Let’s rewind to the early 1990s and consider just how groundbreaking Oasis, and their fellow Britpop acts, were to the not just the music scene, but also across all manner of style, fashion and even political lines.

Oasis set the trend with the brand of ‘in your face’ balladeering, their swagger on stage was matched by a fashion sense that was soon replicated across the UK and beyond. 

Liam Gallagher found himself the darling of the press and fronted just about fashion mag doing the rounds, from GQ to Esquire, with every ‘lad’s’ mag in between. He was of course usually pictured alongside an attractive girlfriend, or wife, or two.  

Hell, even in 2019 the former Oasis frontman found himself the subject of a lengthy Q+A with Vogue magazine. The cultural impact of the band is undeniable, men of a certain age wanted to be them and certainly did their best to dress and act like them too. Be that while wearing chunky sunglasses, which thankfully you can now consider the option to try on glasses online, or a Fred Perry shirt and stylish Doc Marten boots.

A lot has changed since then.

2020 finds the Gallagher brothers working hard to make the most of their respective solo careers; Noel’s act The High Flying Birds, have released three critically acclaimed albums before going on something of a hiatus since their last major tour in 2019. 

Liam put Beady Eye, his previous band, to bed in 2014 and has elected to release his efforts in a more pared down manner, with his last effort, Why Me? Why Not, proving a major success in the UK, but the painful truth is that the pair are never as good as when they are working alongside other members of Oasis.


Listening to What’s the Story Morning Glory, WTSMG, 25 years on still brings goosebumps to those who grew up during the peak of the Britpop era, and the quality of the record lives beyond the sheer nostalgia.

It would have been easy for Oasis to ‘phone it in’ after the unmitigated success of their first album, Definitely Maybe in 1994, but what Liam, Noel, “Bonehead”, “Guigsy”, Alan, and to a lesser extent, Tony, created over the course of three months in a studio south Wales can certainly be considered a modern masterpiece.

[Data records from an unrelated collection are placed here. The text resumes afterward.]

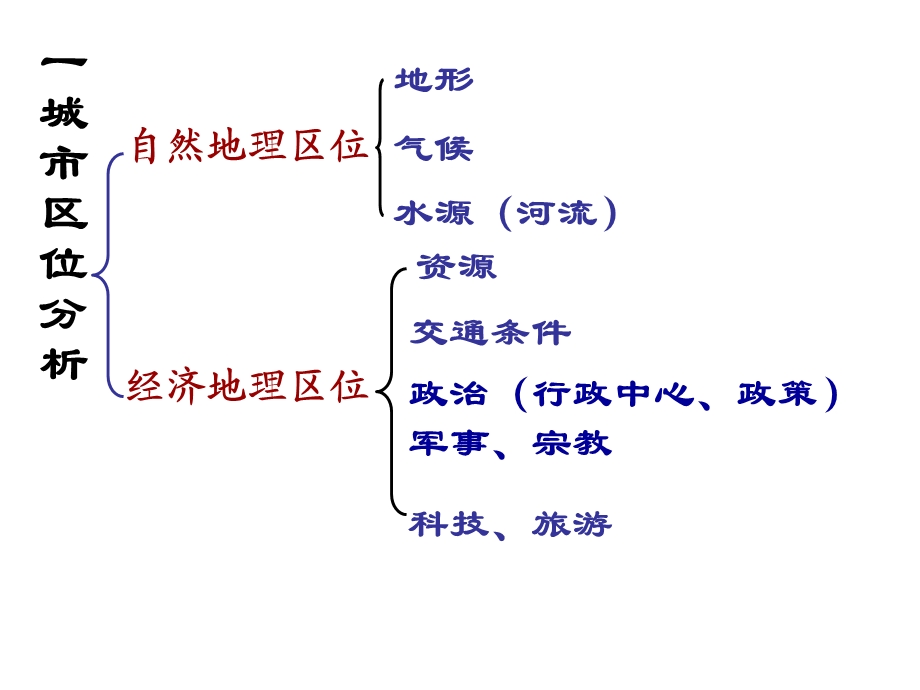 湘教版 城市空间结构ppt课件 好.ppt_第2页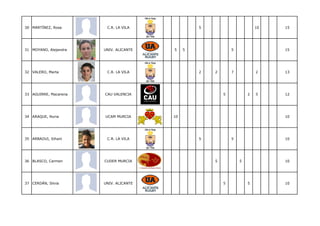 30 MARTÍNEZ, Rosa       C.R. LA VILA             5                       10   15




31 MOYANO, Alejandra   UNIV. ALICANTE   5    5               5                15




32 VALERO, Marta        C.R. LA VILA             2   2       7           2    13




33 AGUIRRE, Macarena   CAU VALENCIA                      5           2   5    12




34 ARAQUE, Nuria       UCAM MURCIA      10                                    10




35 ARBAOUI, Siham       C.R. LA VILA             5           5                10




36 BLASCO, Carmen      CUDER MURCIA                  5           5            10




37 CERDÁN, Silvia      UNIV. ALICANTE                    5           5        10
 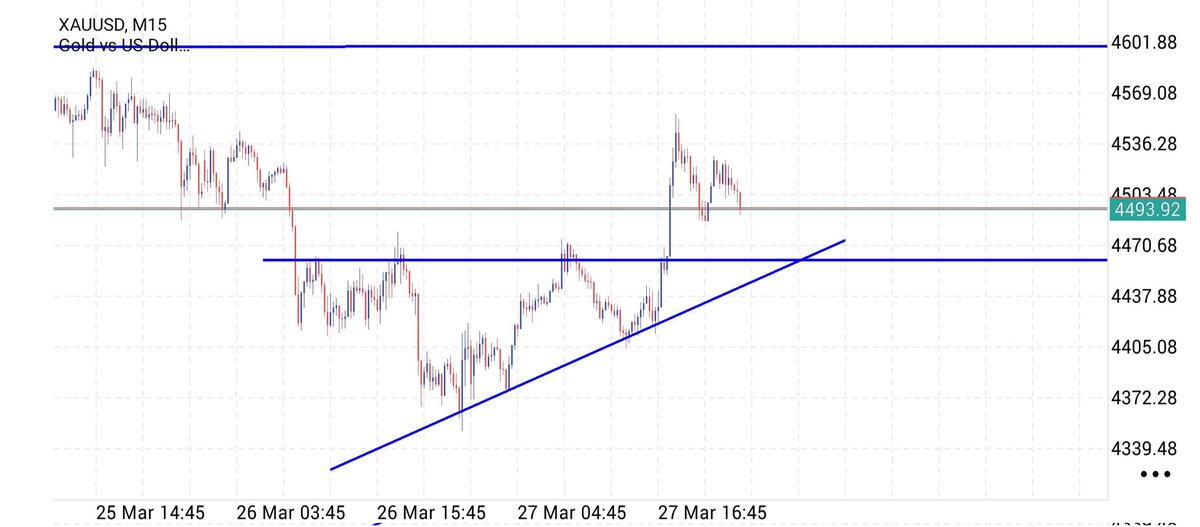 FX BG (@Chris101T) / Posts / X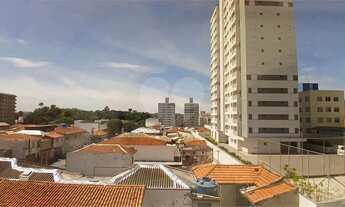 Imagem 4: Salas à venda ou para locação em Santana - SP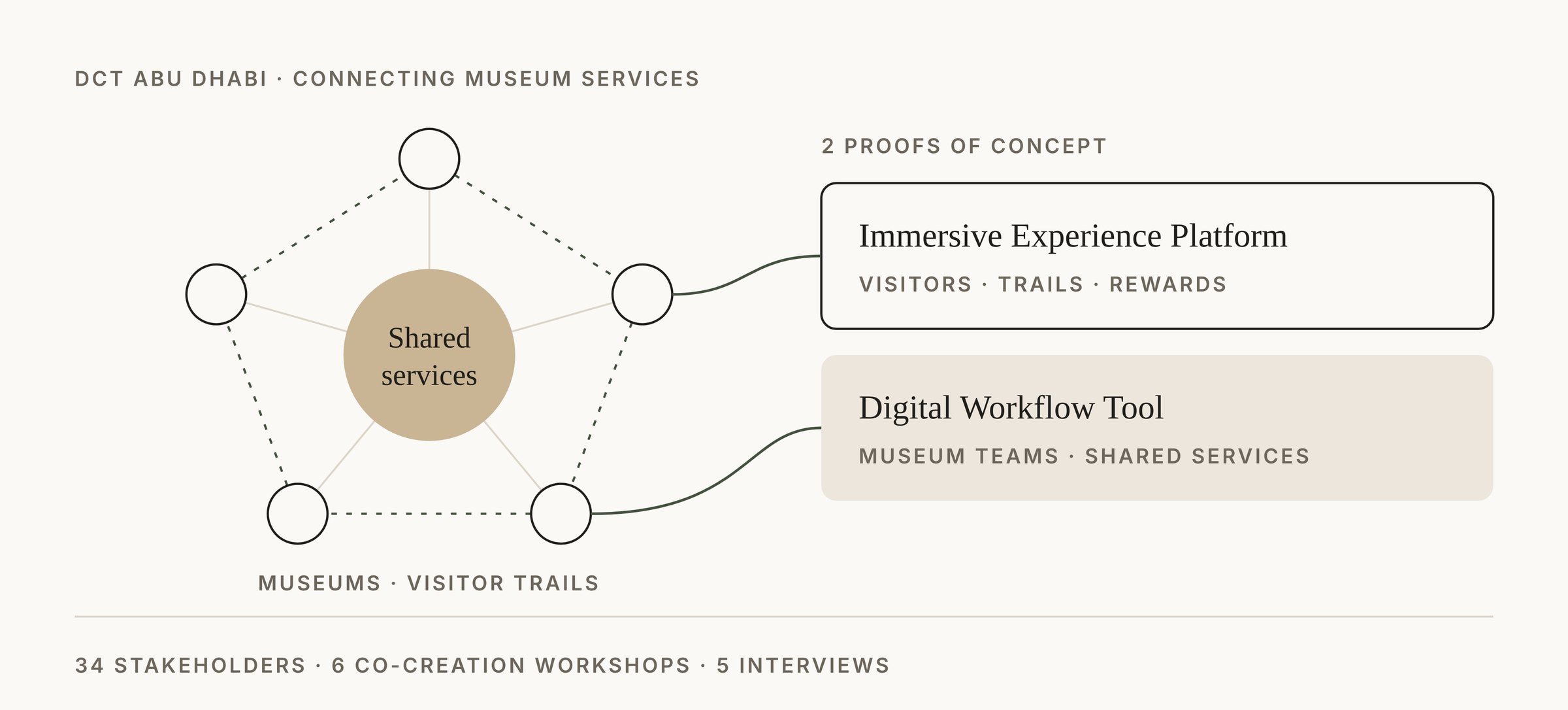 Connecting shared services across the museums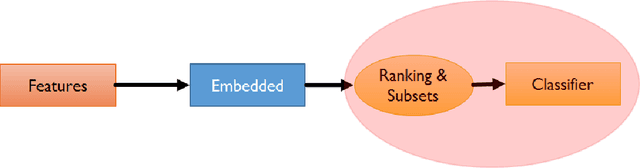 Figure 3 for Ranking to Learn and Learning to Rank: On the Role of Ranking in Pattern Recognition Applications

Whereas Definitely Maybe benefited from a somewhat rough ambience, a lack of strong production, which gave their debut album the feel of an act looking to burst onto the scene, WTSMG is a more polished effort.

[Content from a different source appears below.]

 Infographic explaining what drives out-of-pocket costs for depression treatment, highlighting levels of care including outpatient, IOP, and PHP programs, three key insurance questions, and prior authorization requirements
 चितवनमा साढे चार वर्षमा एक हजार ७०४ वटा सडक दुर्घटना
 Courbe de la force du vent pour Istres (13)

Producer Owen Morris layers the audio superbly, especially on anthemic closer Champagne Supernova, while also allowing show-stoppers such as Roll With It and Some Might Say to truly rock the listener. 

The album really comes to life due to the rapid maturity shown by chief songwriter Noel, with classics such as Don’t Look Back in Anger and Wonderwall, that have not only stood the test of time,  but have in fact developed an extended appeal all these years later.

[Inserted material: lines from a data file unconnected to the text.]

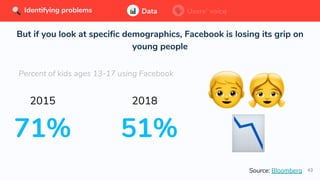43
Data Users’ voiceIdentifying problems Data Users’ voiceIdentifying problems
But if you look at specific demographics, Facebook is losing its grip on
young people
Source: Bloomberg
2015
71% 51%
2018
Percent of kids ages 13-17 using Facebook
 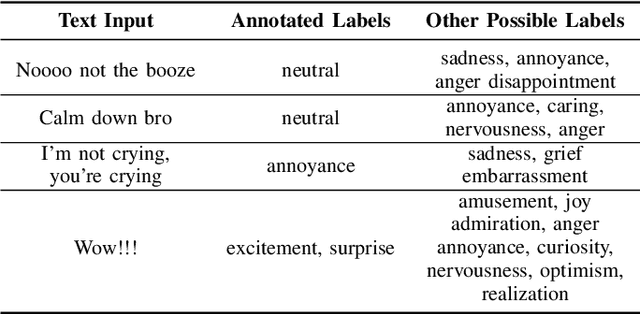 Figure 3 for Context Unlocks Emotions: Text-based Emotion Classification Dataset Auditing with Large Language Models
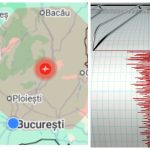 cutremur bucuresti getty colaj foto android earthquake alerts systemgetty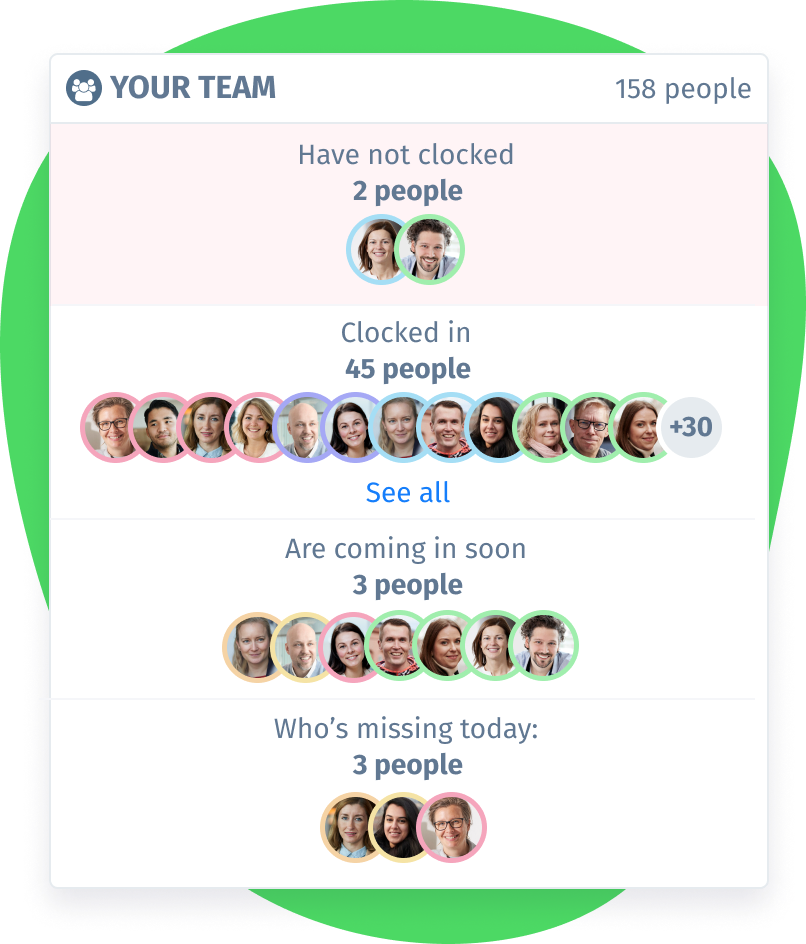 woffu-equipo woffu-equipo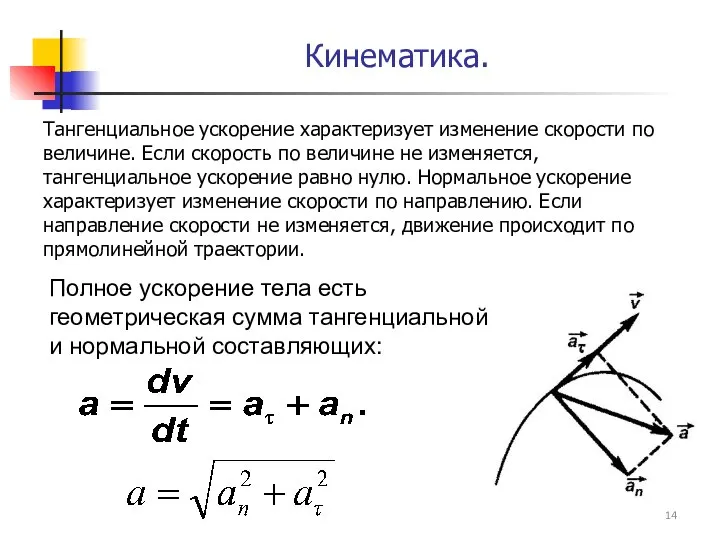 Полное ускорение тела есть геометрическая сумма тангенциальной и нормальной составляющих: Тангенциальное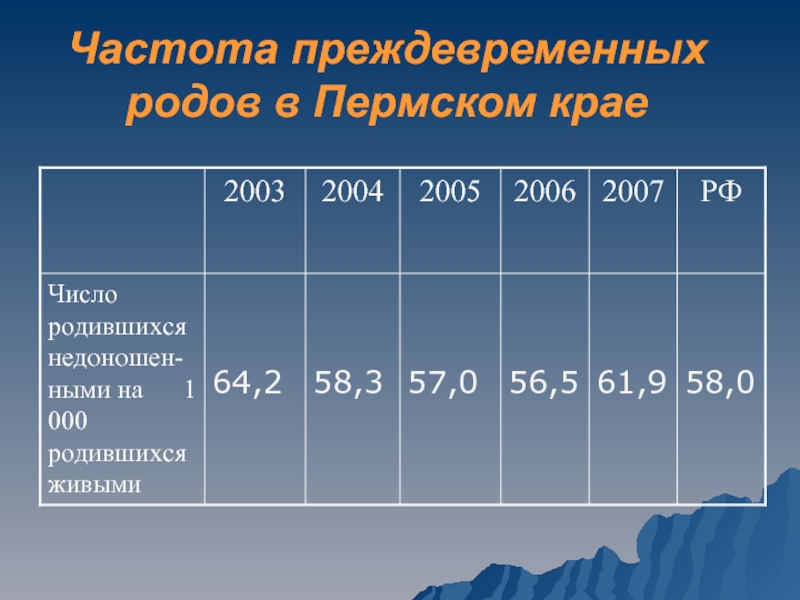 Презентация на тему преждевременные роды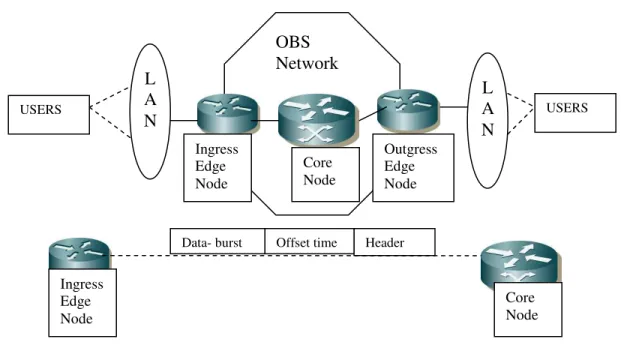 Fig. 1: Optical Burst Switched (OBS) Network Architecture  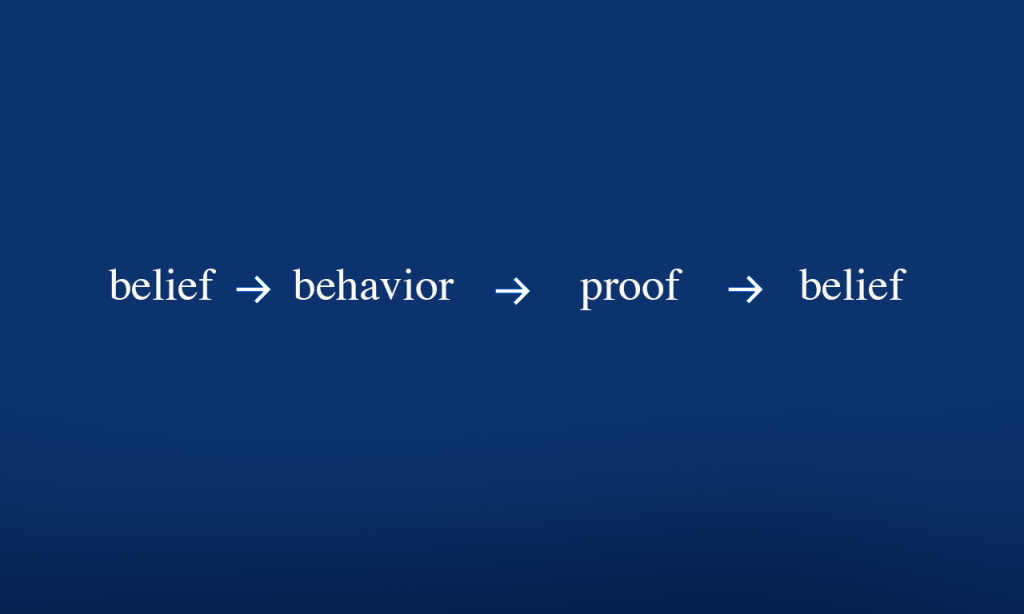 Self-signaling loop card illustrating how Stop Waiting for Time converts identity into action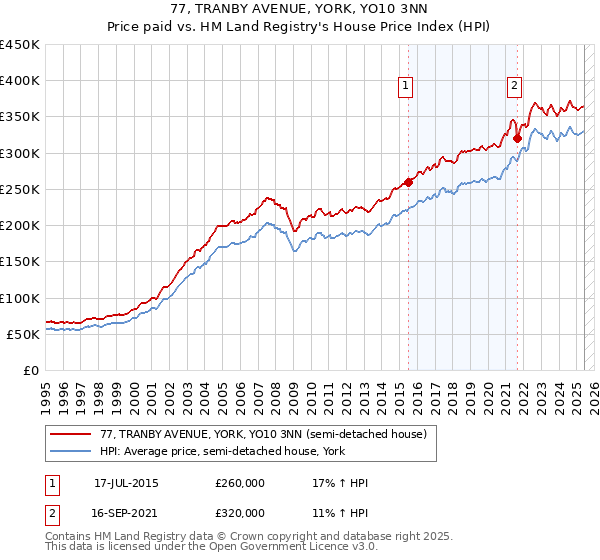 77, TRANBY AVENUE, YORK, YO10 3NN: Price paid vs HM Land Registry's House Price Index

The success of the album saw Oasis solidify their base and the supporting live shows were immense in scale. Famously two concerts at Knebworth saw the band perform to over 250,000 people, a show that astoundingly saw 2.5m people apply for tickets.

What’s the Story Morning Glory has gone on to sell in excess of 22 million and saw Oasis do what arch Britpop rivals Blur couldn’t, as they blew a massive hole in the American market. Any cursory glance across all manner of social networks shows that the album is still very much loved, with countless posts celebrating this 25th anniversary milestone effusively.

In 2020 there is a general consensus that Oasis have become something of a marmite act, either you love them or you loathe them. There are some who feel that their overall musical offering is one-note or lacking substance, but such a characterization is unfounded. 

Others feel the need to deride the band, electing for some reason to instead laud the likes of Blur or Radiohead, as if there was a need to eradicate the existence of one band in order to praise another. There doesn’t, of course, need to be a mutual exclusivity to the argument. 

There was, and still is, plenty of room for all these bands to muster your affection.